PROBLEM DETAILS
Nothing in the records should change; write them all out exactly.

*** SOURCE MATERIAL ***

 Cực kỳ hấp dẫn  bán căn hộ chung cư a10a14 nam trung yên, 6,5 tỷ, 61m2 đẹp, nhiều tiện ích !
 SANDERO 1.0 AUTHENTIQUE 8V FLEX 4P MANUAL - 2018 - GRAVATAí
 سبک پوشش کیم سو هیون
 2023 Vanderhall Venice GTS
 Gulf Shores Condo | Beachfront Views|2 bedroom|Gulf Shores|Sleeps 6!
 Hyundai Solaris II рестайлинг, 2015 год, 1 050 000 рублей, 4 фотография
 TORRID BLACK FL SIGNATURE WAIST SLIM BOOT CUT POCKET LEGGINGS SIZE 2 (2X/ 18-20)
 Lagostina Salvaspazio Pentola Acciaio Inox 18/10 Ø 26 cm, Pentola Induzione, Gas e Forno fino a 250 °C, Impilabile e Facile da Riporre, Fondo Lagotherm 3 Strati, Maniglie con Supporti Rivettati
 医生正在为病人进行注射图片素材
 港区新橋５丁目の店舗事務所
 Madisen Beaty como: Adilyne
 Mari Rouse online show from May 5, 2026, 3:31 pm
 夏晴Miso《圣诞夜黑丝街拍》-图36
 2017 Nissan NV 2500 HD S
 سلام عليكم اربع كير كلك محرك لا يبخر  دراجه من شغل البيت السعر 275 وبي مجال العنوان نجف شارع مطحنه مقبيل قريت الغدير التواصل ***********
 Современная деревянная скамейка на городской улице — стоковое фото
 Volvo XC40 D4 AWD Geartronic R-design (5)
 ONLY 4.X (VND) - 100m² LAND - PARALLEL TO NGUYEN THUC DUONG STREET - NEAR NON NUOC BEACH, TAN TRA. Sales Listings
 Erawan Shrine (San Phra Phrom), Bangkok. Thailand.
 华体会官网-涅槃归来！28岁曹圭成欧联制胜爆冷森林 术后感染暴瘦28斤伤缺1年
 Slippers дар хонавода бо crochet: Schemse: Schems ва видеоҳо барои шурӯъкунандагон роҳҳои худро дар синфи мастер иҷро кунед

*** End of SOURCE MATERIAL ***

RESPONSE AREA
 Cực kỳ hấp dẫn  bán căn hộ chung cư a10a14 nam trung yên, 6,5 tỷ, 61m2 đẹp, nhiều tiện ích !
 SANDERO 1.0 AUTHENTIQUE 8V FLEX 4P MANUAL - 2018 - GRAVATAí
 سبک پوشش کیم سو هیون
 2023 Vanderhall Venice GTS
 Gulf Shores Condo | Beachfront Views|2 bedroom|Gulf Shores|Sleeps 6!
 Hyundai Solaris II рестайлинг, 2015 год, 1 050 000 рублей, 4 фотография
 TORRID BLACK FL SIGNATURE WAIST SLIM BOOT CUT POCKET LEGGINGS SIZE 2 (2X/ 18-20)
 Lagostina Salvaspazio Pentola Acciaio Inox 18/10 Ø 26 cm, Pentola Induzione, Gas e Forno fino a 250 °C, Impilabile e Facile da Riporre, Fondo Lagotherm 3 Strati, Maniglie con Supporti Rivettati
 医生正在为病人进行注射图片素材
 港区新橋５丁目の店舗事務所
 Madisen Beaty como: Adilyne
 Mari Rouse online show from May 5, 2026, 3:31 pm
 夏晴Miso《圣诞夜黑丝街拍》-图36
 2017 Nissan NV 2500 HD S
 سلام عليكم اربع كير كلك محرك لا يبخر  دراجه من شغل البيت السعر 275 وبي مجال العنوان نجف شارع مطحنه مقبيل قريت الغدير التواصل ***********
 Современная деревянная скамейка на городской улице — стоковое фото
 Volvo XC40 D4 AWD Geartronic R-design (5)
 ONLY 4.X (VND) - 100m² LAND - PARALLEL TO NGUYEN THUC DUONG STREET - NEAR NON NUOC BEACH, TAN TRA. Sales Listings
 Erawan Shrine (San Phra Phrom), Bangkok. Thailand.
 华体会官网-涅槃归来！28岁曹圭成欧联制胜爆冷森林 术后感染暴瘦28斤伤缺1年
 Slippers дар хонавода бо crochet: Schemse: Schems ва видеоҳо барои шурӯъкунандагон роҳҳои худро дар синфи мастер иҷро кунед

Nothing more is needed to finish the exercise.